→ EXERCISE DIRECTIONS:
Below are the records; extract from them the line containing "Circumpolar star trails" to the line containing "Open-concept kitchen with", both lines included, exactly and with no pictures.
*** TASK INPUT ***
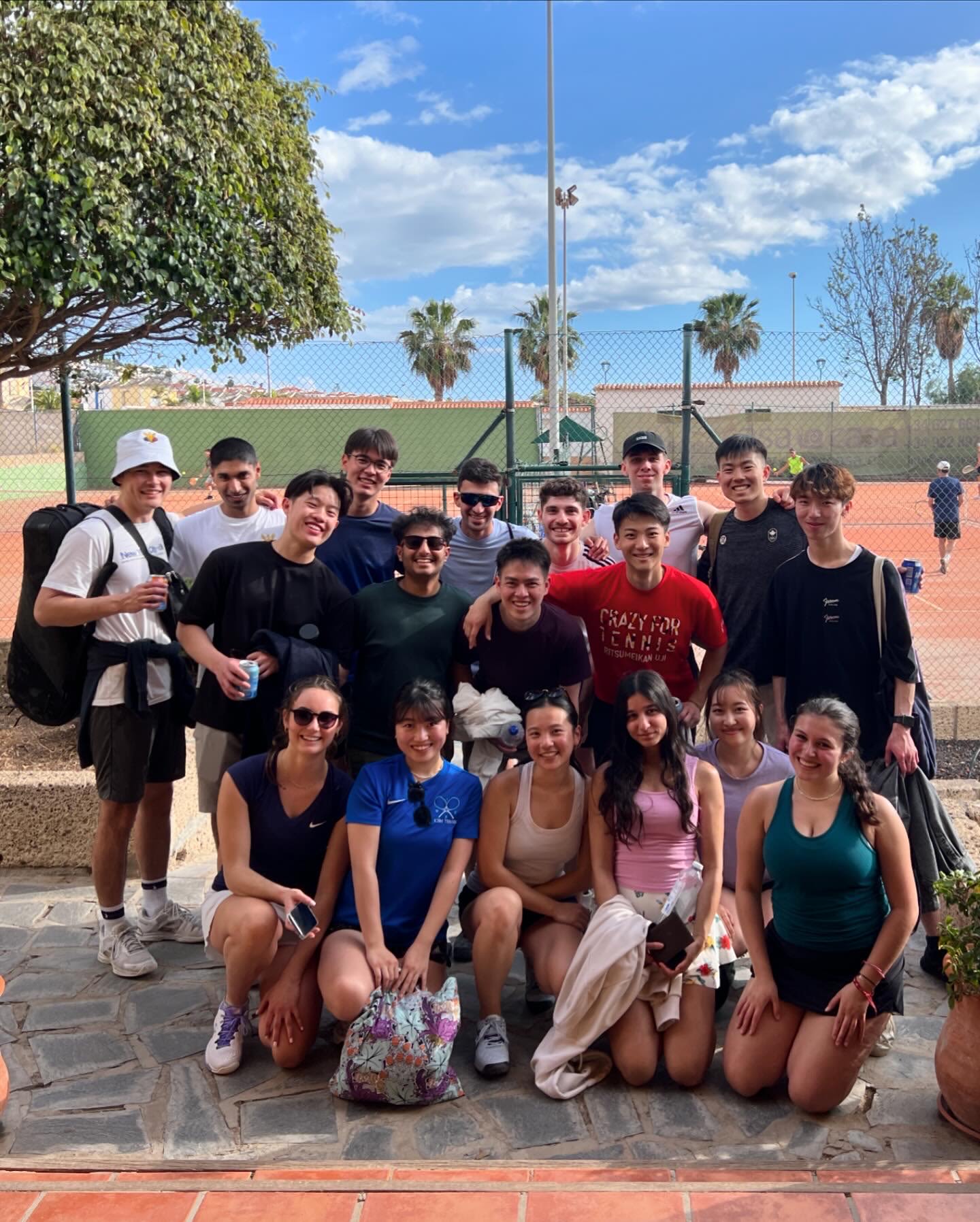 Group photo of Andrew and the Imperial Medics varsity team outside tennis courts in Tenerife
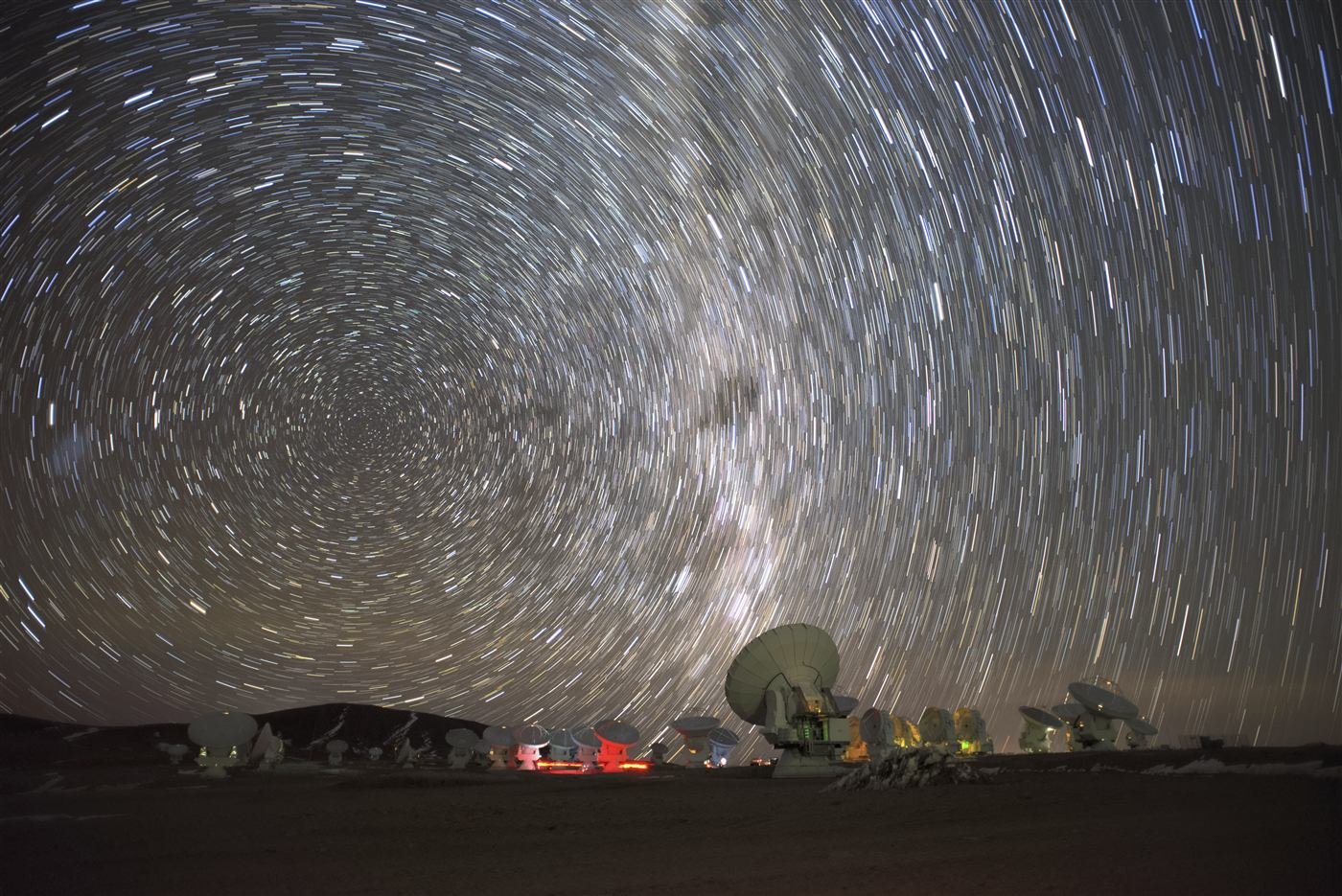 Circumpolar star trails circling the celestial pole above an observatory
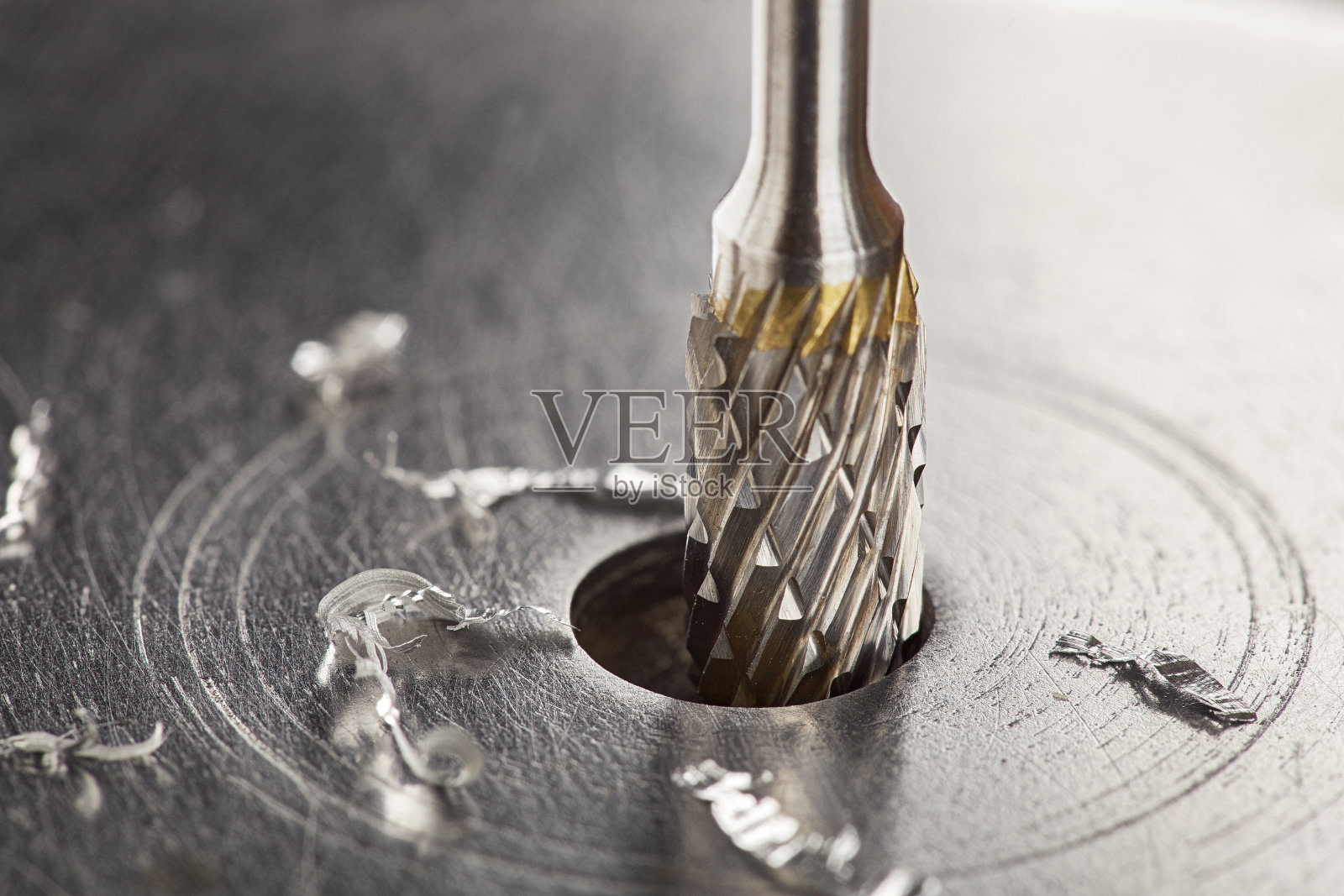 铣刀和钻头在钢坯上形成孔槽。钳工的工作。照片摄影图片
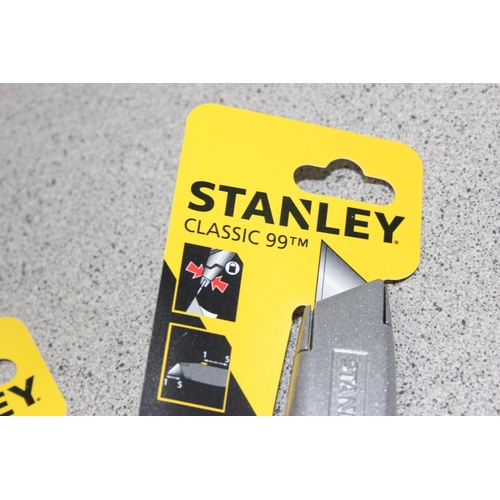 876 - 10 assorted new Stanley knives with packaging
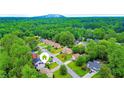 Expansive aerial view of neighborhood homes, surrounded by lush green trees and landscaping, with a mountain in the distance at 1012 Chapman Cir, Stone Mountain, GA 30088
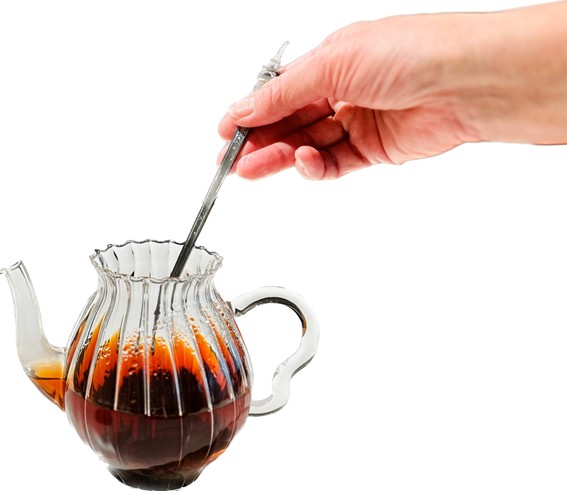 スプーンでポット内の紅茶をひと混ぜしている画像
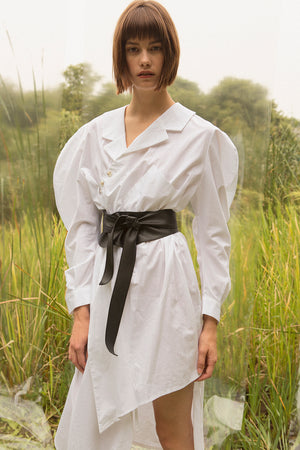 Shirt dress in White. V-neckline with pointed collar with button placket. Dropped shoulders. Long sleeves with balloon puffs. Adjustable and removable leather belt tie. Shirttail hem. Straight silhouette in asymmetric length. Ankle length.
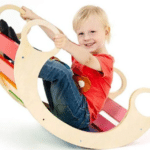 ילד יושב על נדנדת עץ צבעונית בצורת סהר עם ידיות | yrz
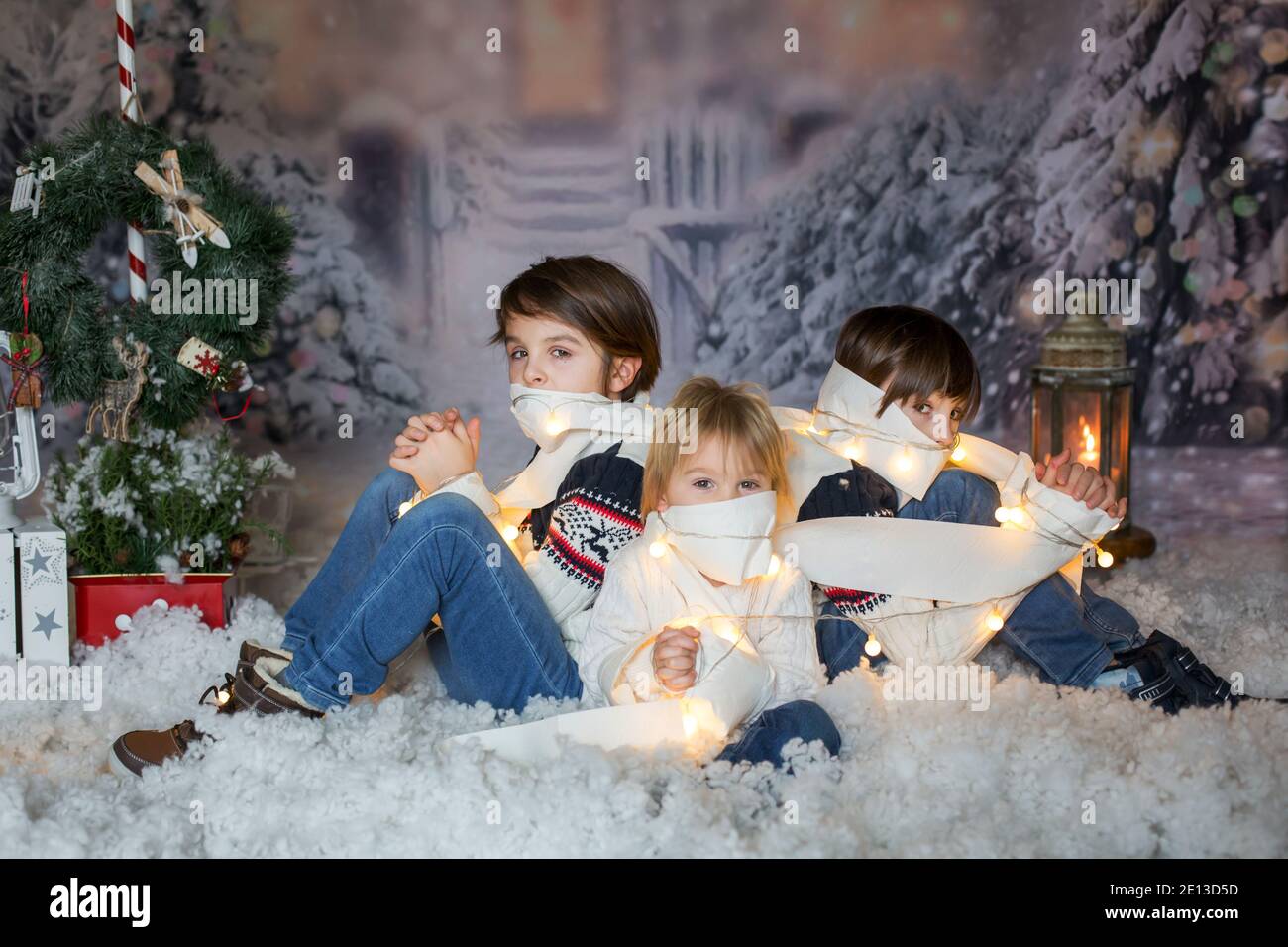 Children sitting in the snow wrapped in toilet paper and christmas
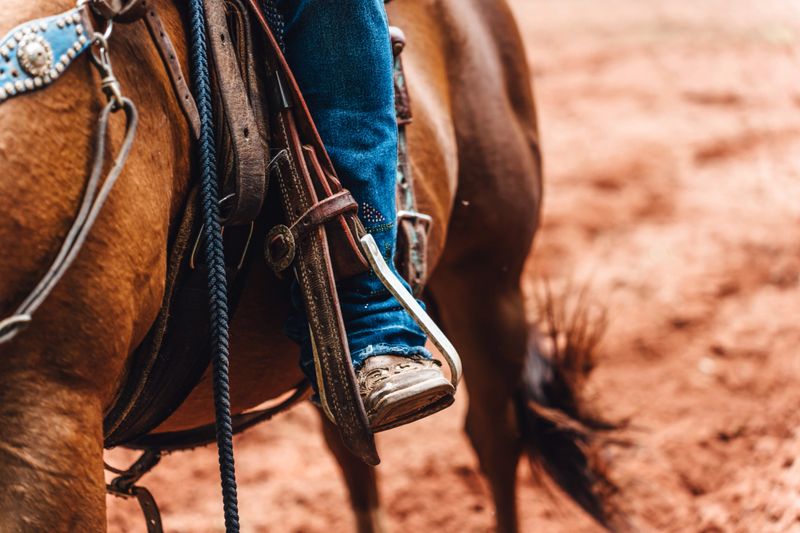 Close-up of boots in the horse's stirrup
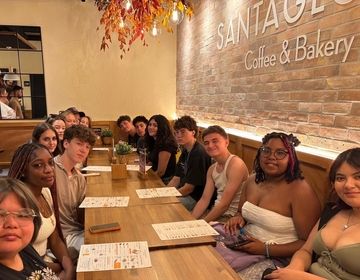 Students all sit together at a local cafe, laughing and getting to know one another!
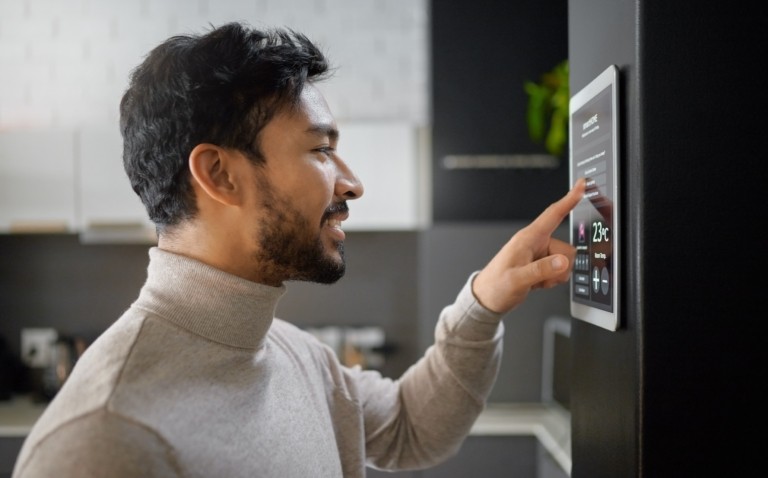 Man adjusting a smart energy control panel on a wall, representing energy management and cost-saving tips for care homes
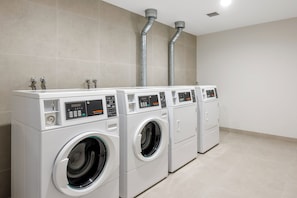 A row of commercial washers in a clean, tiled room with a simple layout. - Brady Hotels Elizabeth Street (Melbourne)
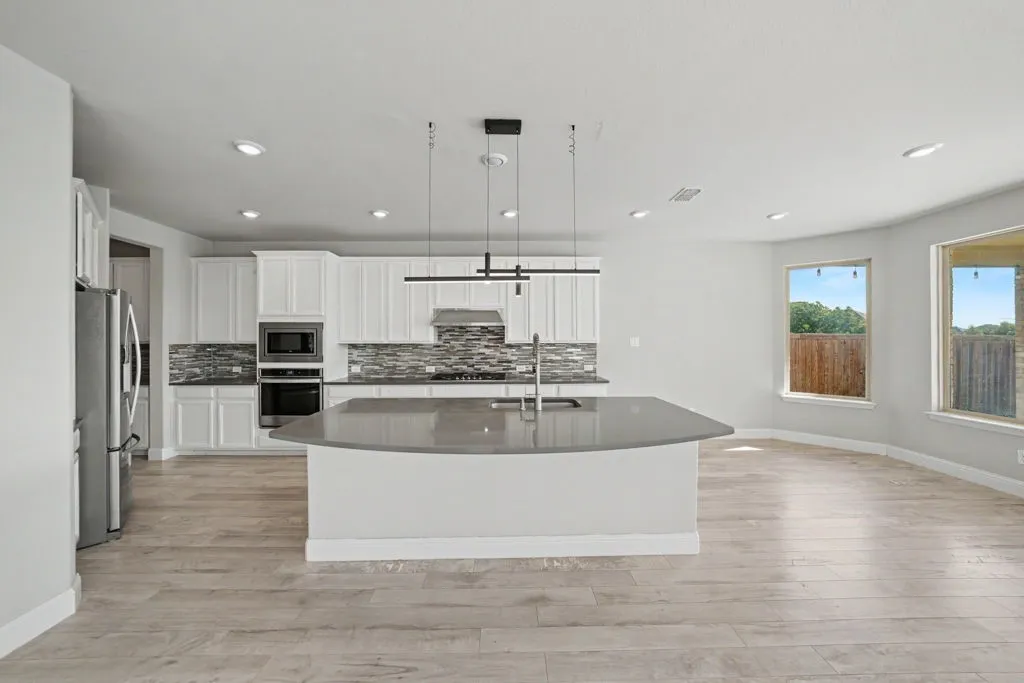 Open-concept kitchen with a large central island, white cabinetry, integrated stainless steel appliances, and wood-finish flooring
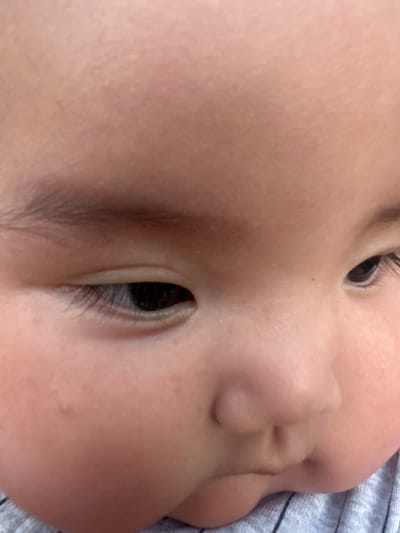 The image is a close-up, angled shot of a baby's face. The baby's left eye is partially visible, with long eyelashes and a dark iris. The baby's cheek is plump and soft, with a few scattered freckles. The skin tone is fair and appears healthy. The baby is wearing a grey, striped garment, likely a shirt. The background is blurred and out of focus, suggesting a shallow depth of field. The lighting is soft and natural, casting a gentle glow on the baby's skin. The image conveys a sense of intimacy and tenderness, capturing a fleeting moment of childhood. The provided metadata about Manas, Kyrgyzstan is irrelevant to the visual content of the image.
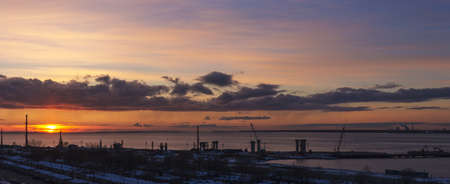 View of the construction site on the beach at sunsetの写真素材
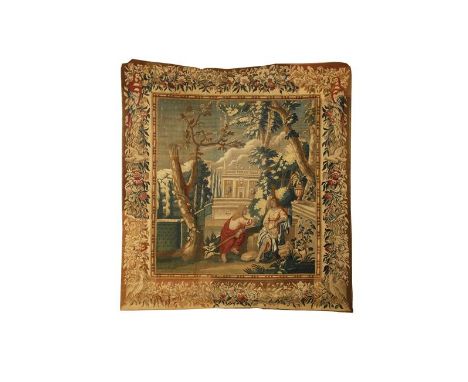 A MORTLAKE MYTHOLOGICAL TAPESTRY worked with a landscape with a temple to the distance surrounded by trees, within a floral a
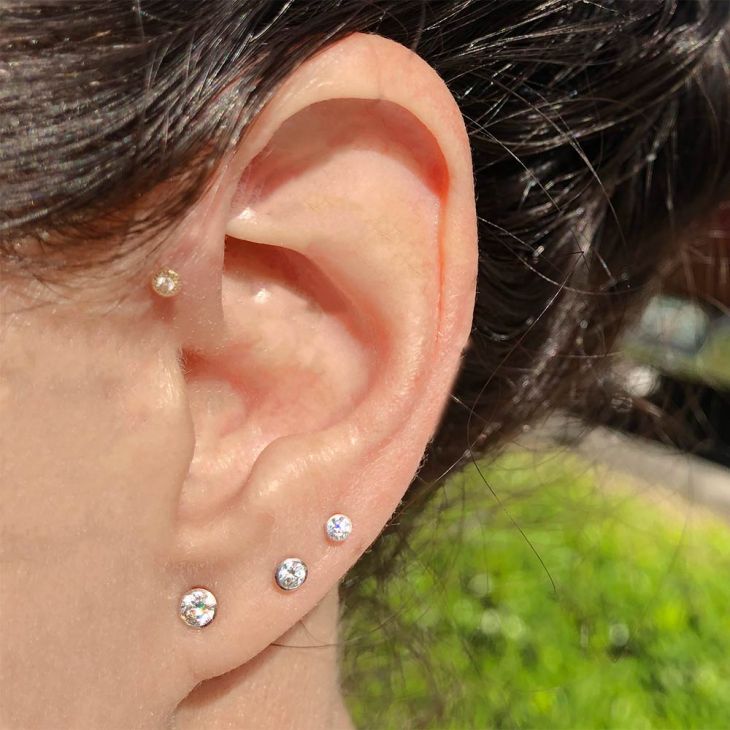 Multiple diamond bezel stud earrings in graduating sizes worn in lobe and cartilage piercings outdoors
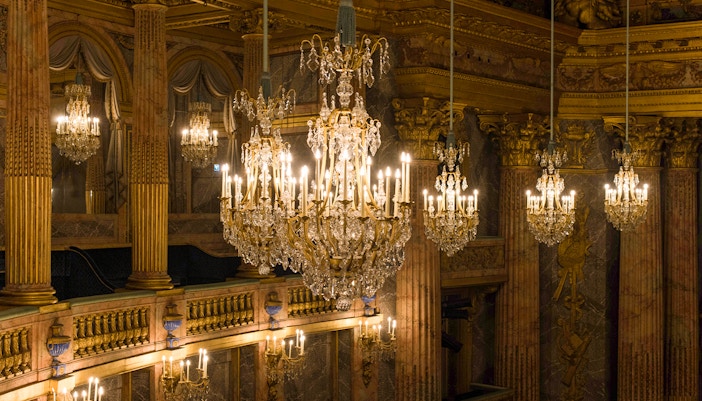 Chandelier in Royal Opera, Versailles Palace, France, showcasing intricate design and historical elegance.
*** End of TASK INPUT ***
→ RESPONSE BELOW:
 Circumpolar star trails circling the celestial pole above an observatory
 铣刀和钻头在钢坯上形成孔槽。钳工的工作。照片摄影图片
 876 - 10 assorted new Stanley knives with packaging
 Expansive aerial view of neighborhood homes, surrounded by lush green trees and landscaping, with a mountain in the distance at 1012 Chapman Cir, Stone Mountain, GA 30088
 スプーンでポット内の紅茶をひと混ぜしている画像
 Shirt dress in White. V-neckline with pointed collar with button placket. Dropped shoulders. Long sleeves with balloon puffs. Adjustable and removable leather belt tie. Shirttail hem. Straight silhouette in asymmetric length. Ankle length.
 ילד יושב על נדנדת עץ צבעונית בצורת סהר עם ידיות | yrz
 Children sitting in the snow wrapped in toilet paper and christmas
 Close-up of boots in the horse's stirrup
 Students all sit together at a local cafe, laughing and getting to know one another!
 Man adjusting a smart energy control panel on a wall, representing energy management and cost-saving tips for care homes
 A row of commercial washers in a clean, tiled room with a simple layout. - Brady Hotels Elizabeth Street (Melbourne)
 Open-concept kitchen with a large central island, white cabinetry, integrated stainless steel appliances, and wood-finish flooring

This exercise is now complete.